### WHAT YOU ARE ASKED TO DO:
Without any pictures, print the lines below from the one that has "Gibson Custom Shop" through the one that has "SLOPE SUEDE Womens Suede Winter Boots Black", exactly and nothing else.

### RECORDS FOR THIS TASK:
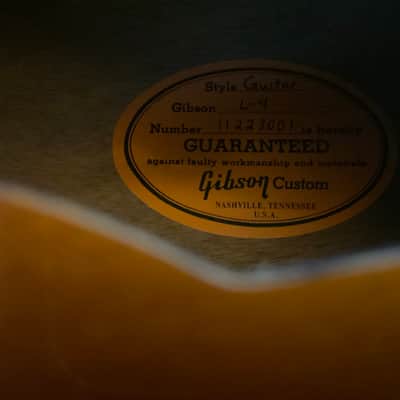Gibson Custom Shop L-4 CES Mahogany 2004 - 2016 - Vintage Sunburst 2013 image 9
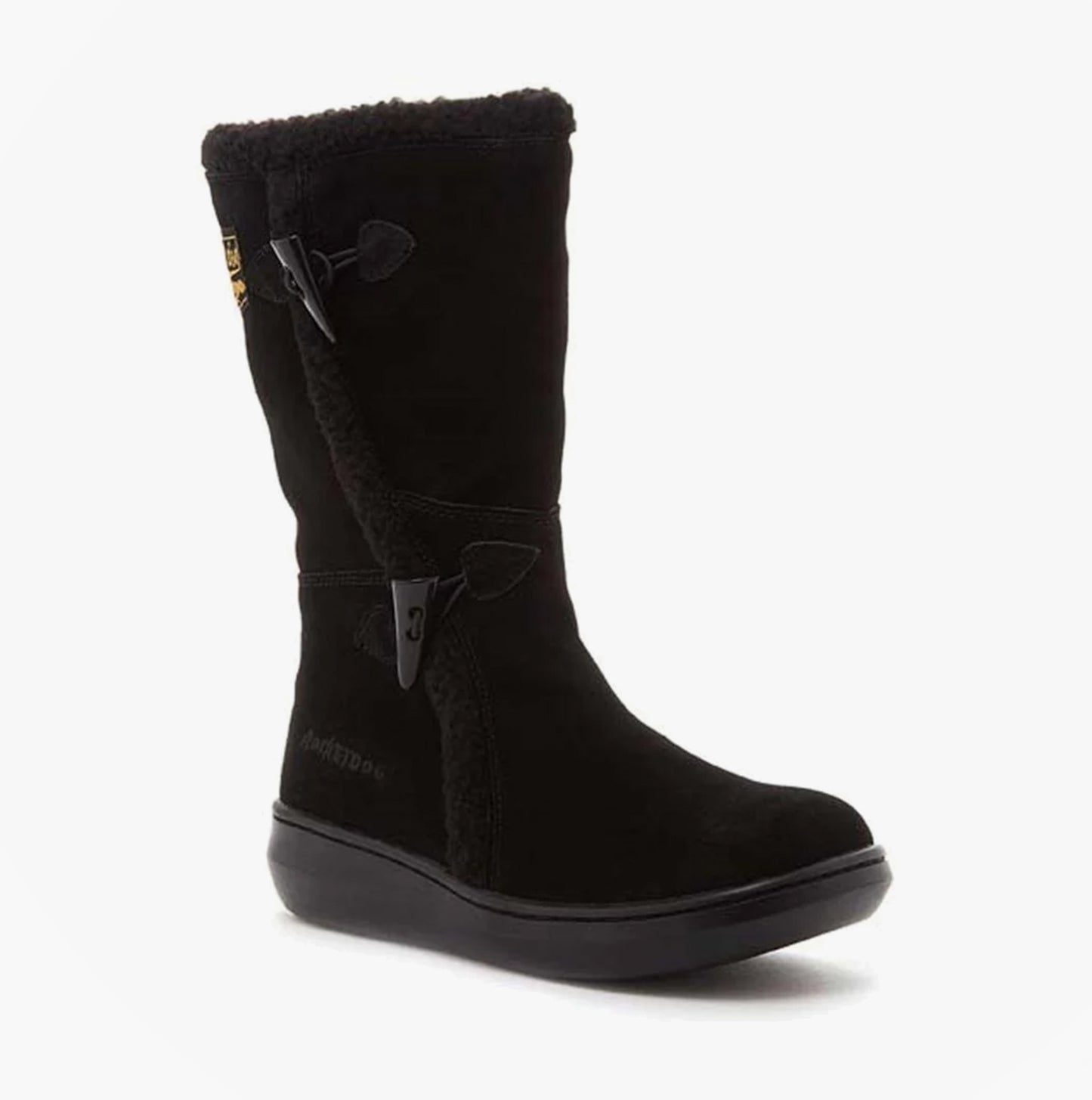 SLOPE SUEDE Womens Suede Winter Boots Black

---

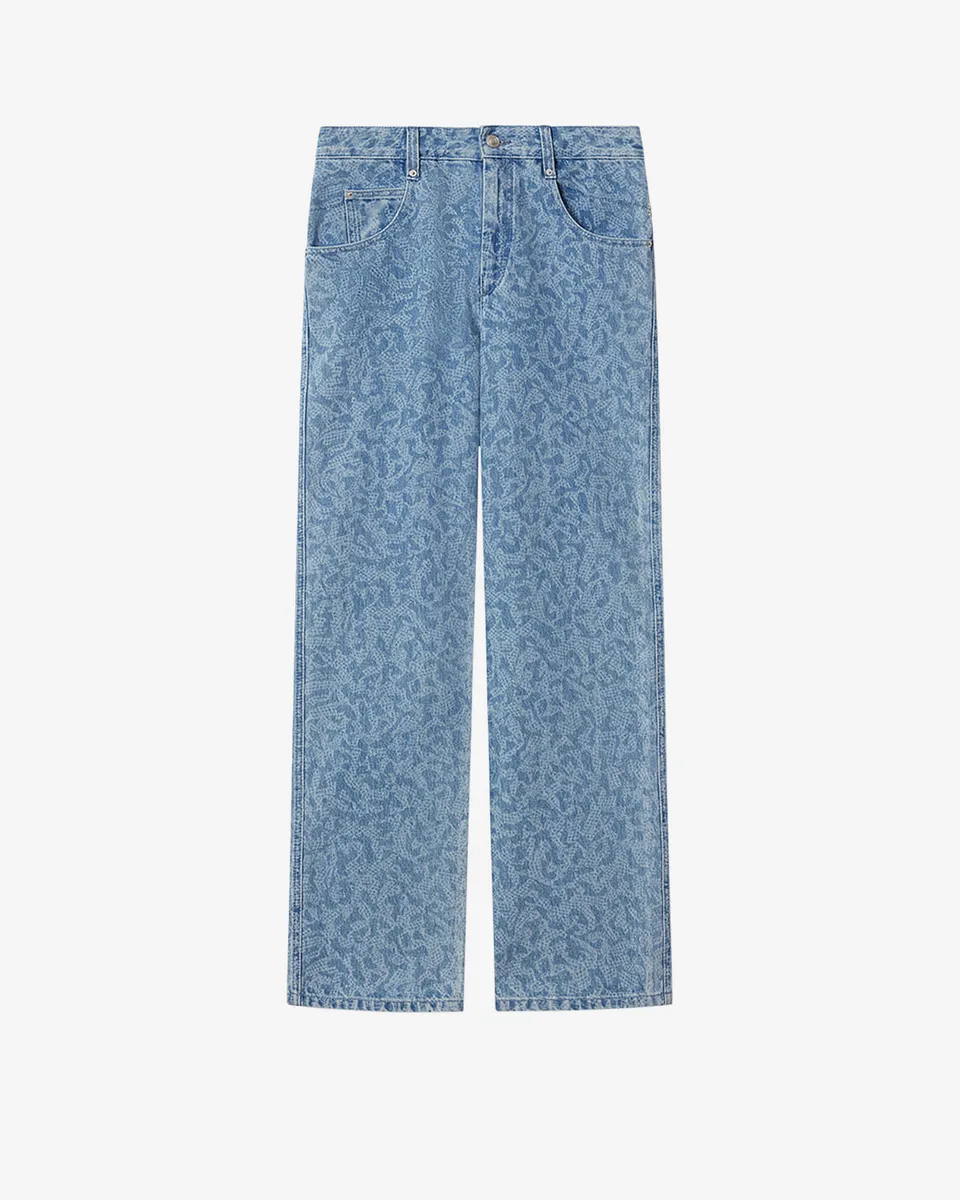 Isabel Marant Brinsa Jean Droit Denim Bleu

### ANSWER TO THIS EXERCISE:
Gibson Custom Shop L-4 CES Mahogany 2004 - 2016 - Vintage Sunburst 2013 image 9
 SLOPE SUEDE Womens Suede Winter Boots Black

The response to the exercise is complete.